- PROBLEM -
Your answer must be an exact copy of the lines from the one containing "Double-breasted Stand Collar Coat" through the last line of the records below, with no pictures; please include nothing else.

Caption-style text data:
========
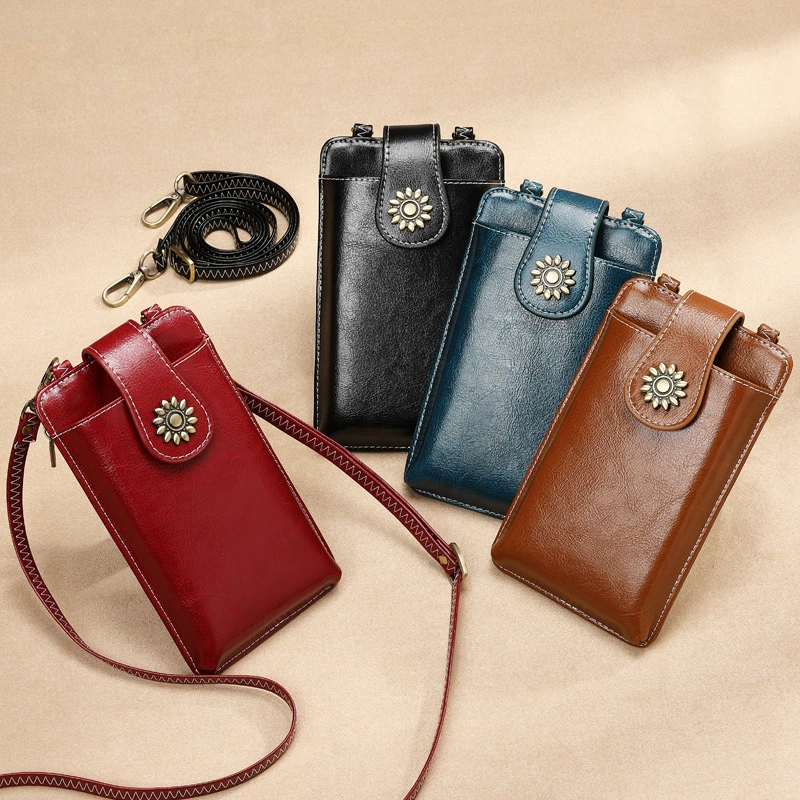 Small phone bag, leather small bag, one-shoulder bag, mobile phone, wallet with zipper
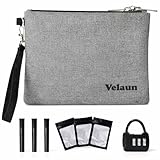 VELAUN Smell Proof Bag 8' x 6', Small Smell Proof Container Bags Pouch, Dog Tested Odor Resistant Bag, Zipper Odor Sealing Pouches, Travel Money Organizer Bag with 3 Storage Pouches, 3 Tubes and Lock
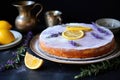 a lemon cake with lavender icing and sugared lemons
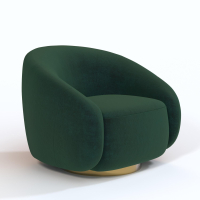 Кресло Kali. Цвет Темно-зеленый/цоколь Gold.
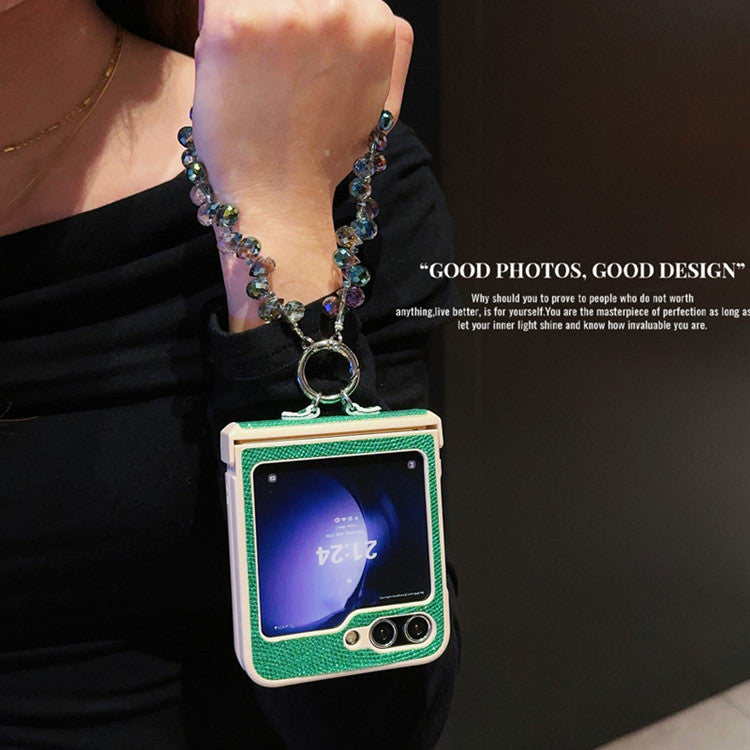 Samsung Z Flip7 Light Luxury Style Pearlescent Glitter Leather Phone Case with Chain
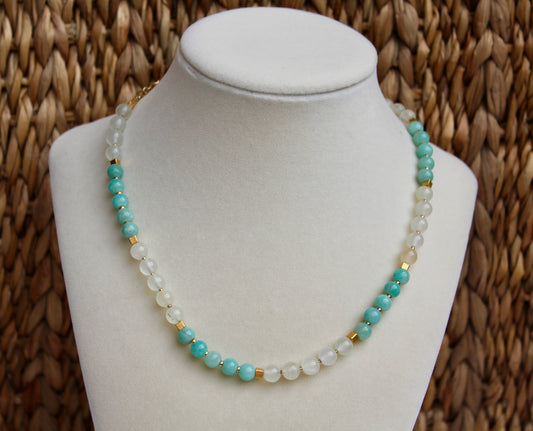 Amazonite and Moonstone Necklace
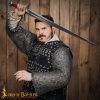 Flat Ring Chainmail Half Haubergeon with Long Sleeves, Riveted and Alternating, ID 9 mm, Mild Steel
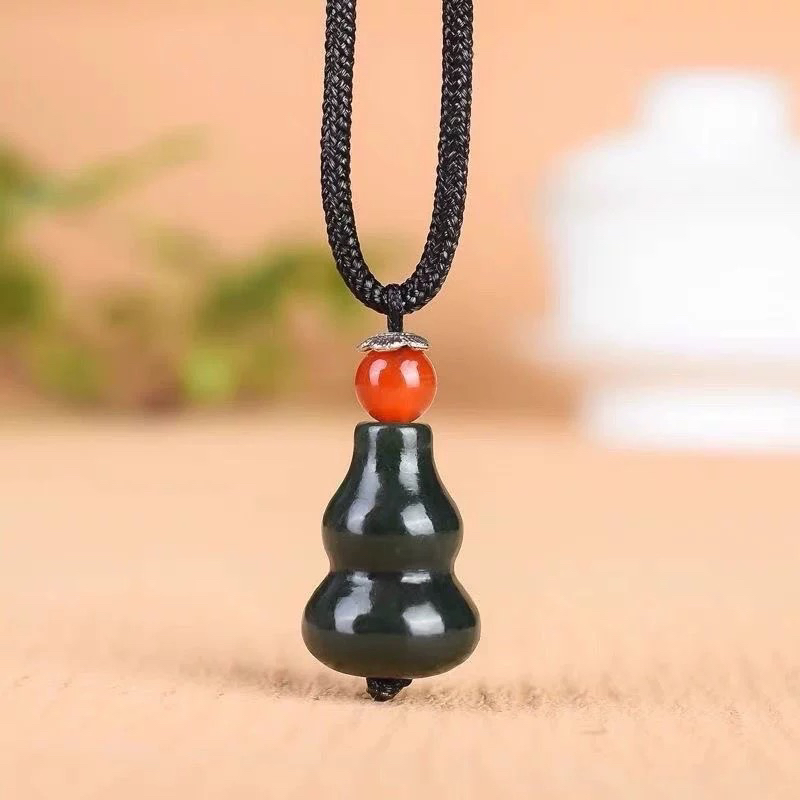 天然和田玉青玉葫芦吊坠挂件项链男女情侣款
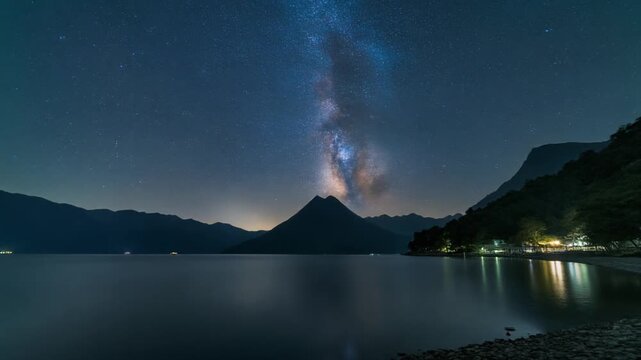Milky way galaxy over lake atitlan guatemala with volcano reflection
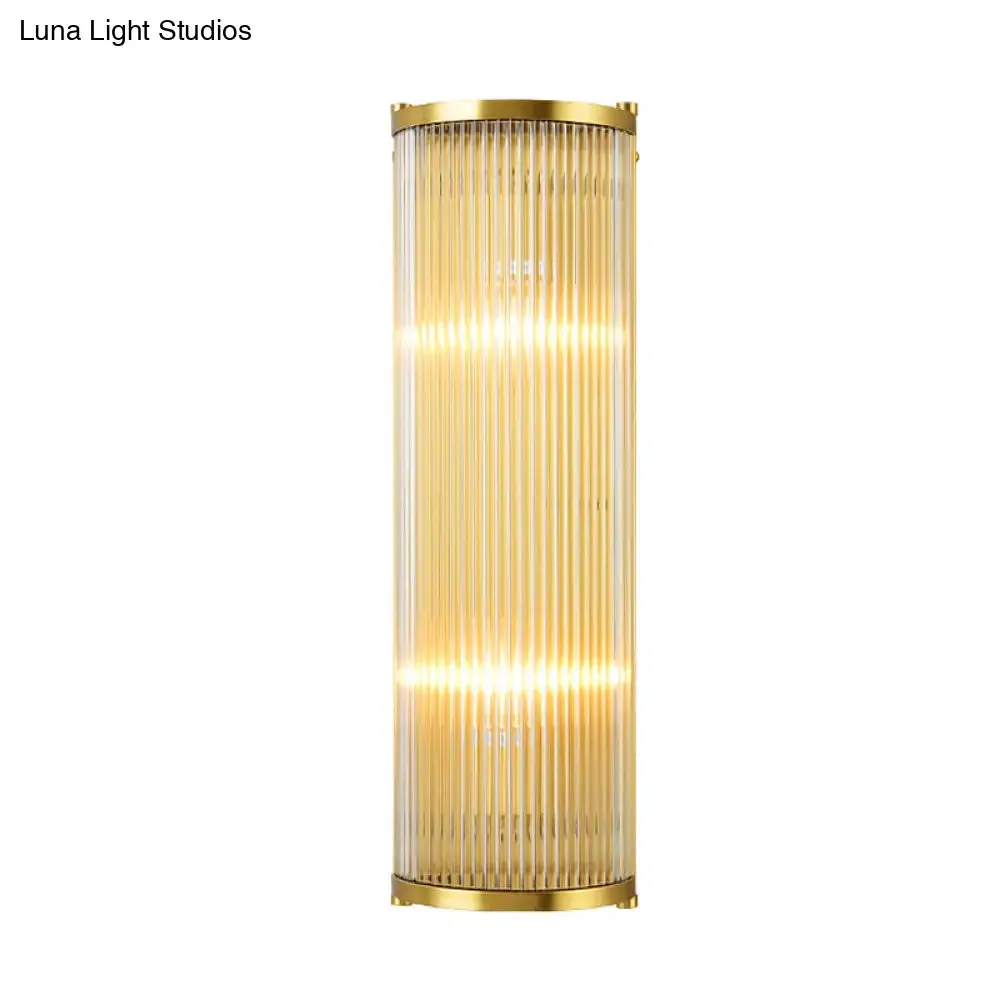 Modern Gold Wall Sconce Light with Fluted Crystal Detail, Perfect for Living Room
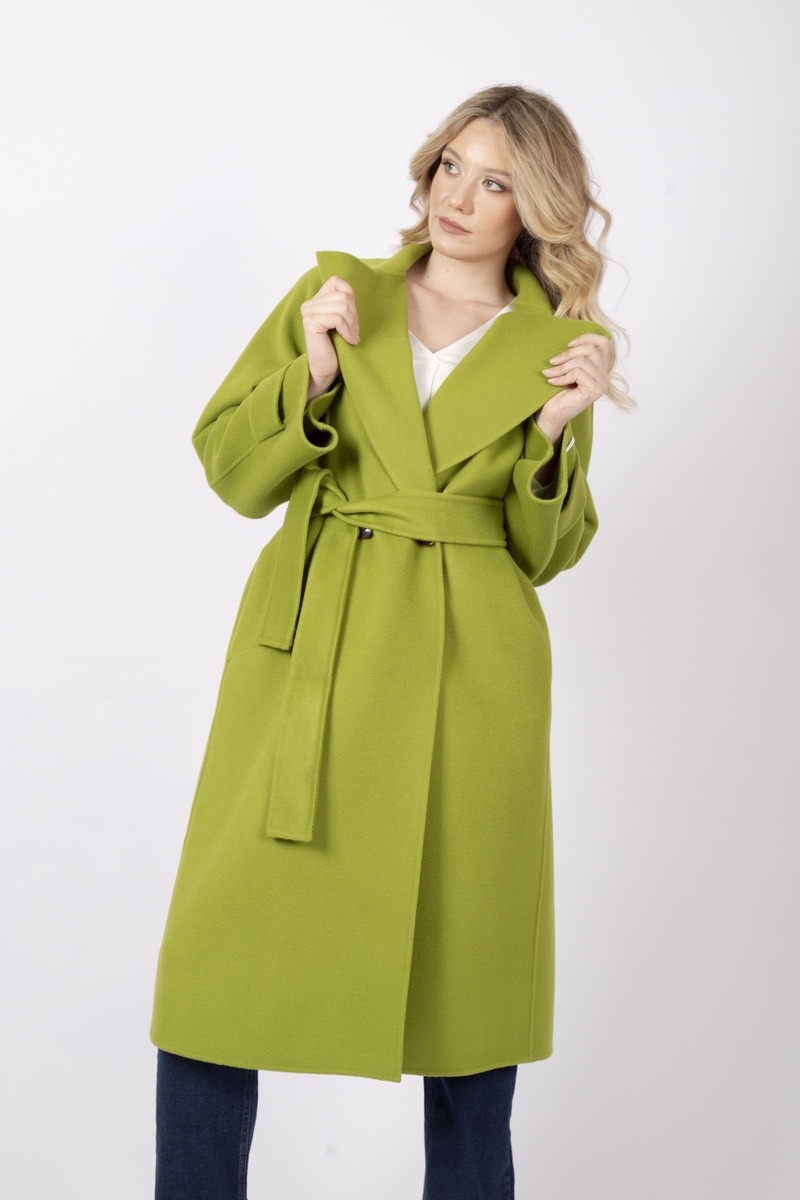 Cappotto Arley in double di lana pistacchio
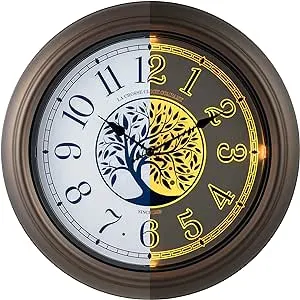 La Crosse Clock 403-3246BR 18-Inch Indoor/Outdoor Lux Lighted Dial Quartz Wall Clock in Bronze Finish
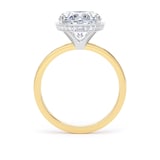 Goldsmiths 18ct Yellow Gold and Platinum 4.17cttw Oval Cut Lab Grown Diamond Hidden Halo Solitaire Engagement Ring - Ring Size F.5
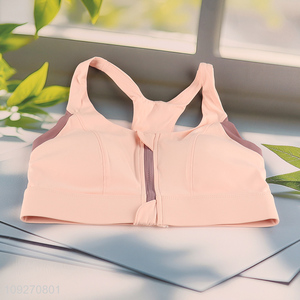 Online wholesale breathable sports women underwear women bra with zipper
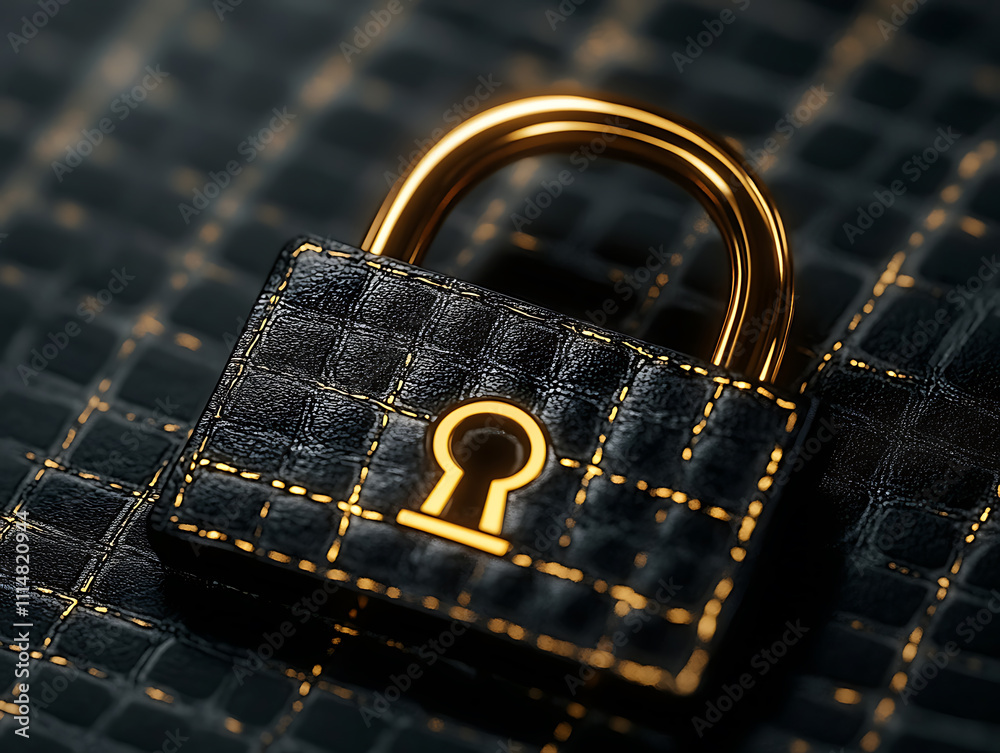 Aufkleber Digital padlock with glowing edges on a dynamic abstract background, embodies cybersecurity concept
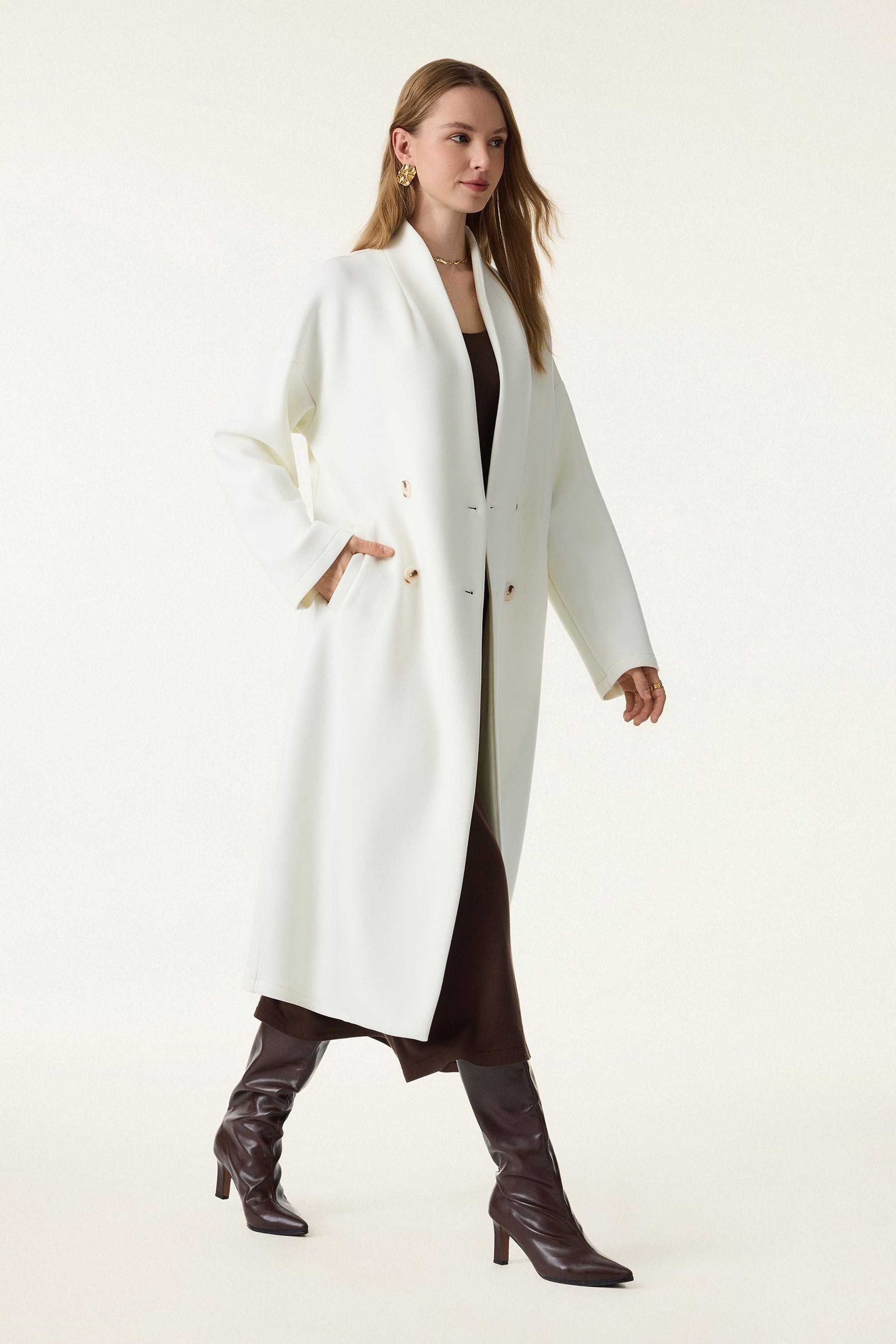 Double-breasted Stand Collar Coat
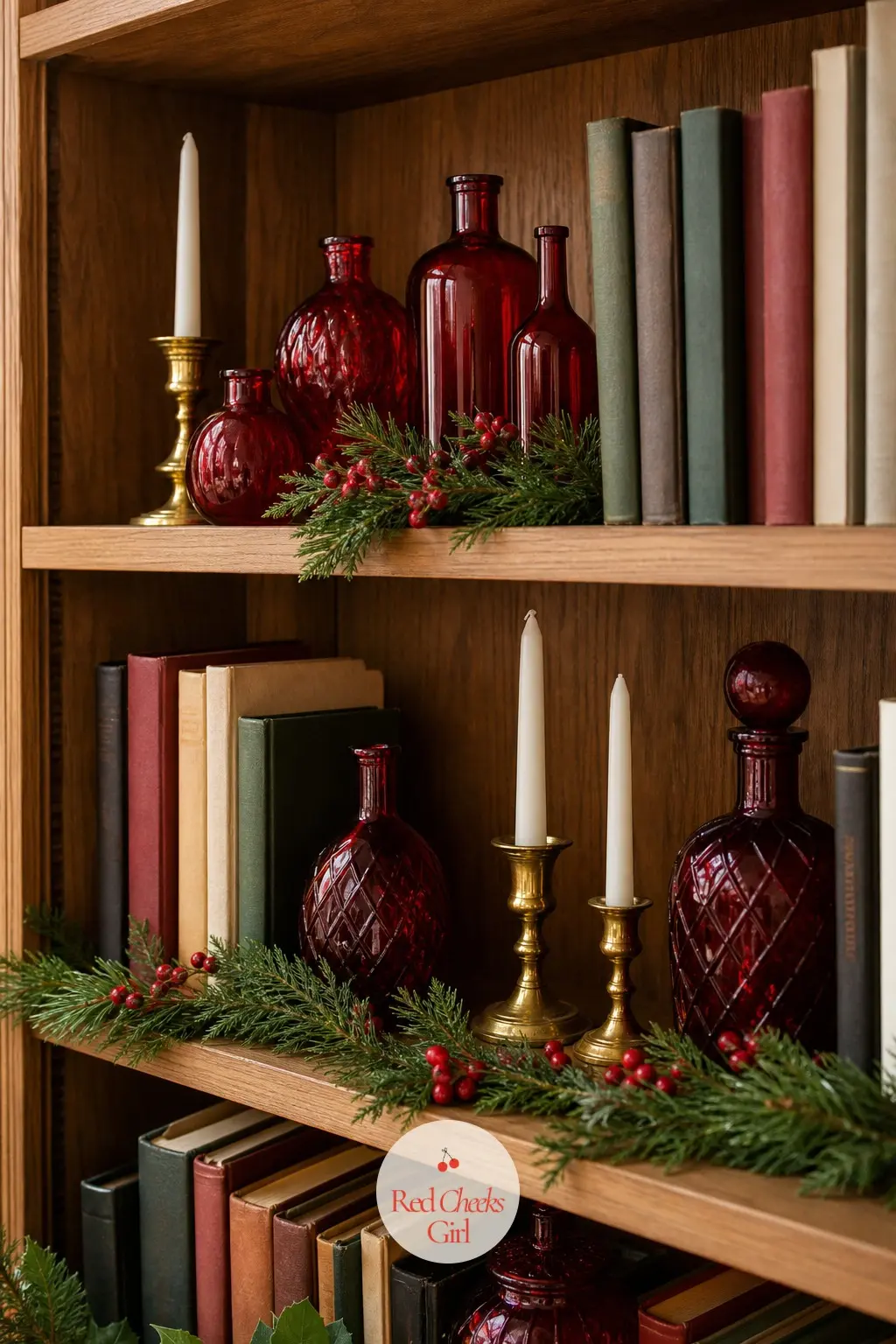 The Bookshelves, Styled With Ruby Glass and Fresh Greenery — Bookshelves take red best in small glass doses: a cluster of ruby glass vases or bottles tucked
========
- TASK SOLUTION -
 Double-breasted Stand Collar Coat
 The Bookshelves, Styled With Ruby Glass and Fresh Greenery — Bookshelves take red best in small glass doses: a cluster of ruby glass vases or bottles tucked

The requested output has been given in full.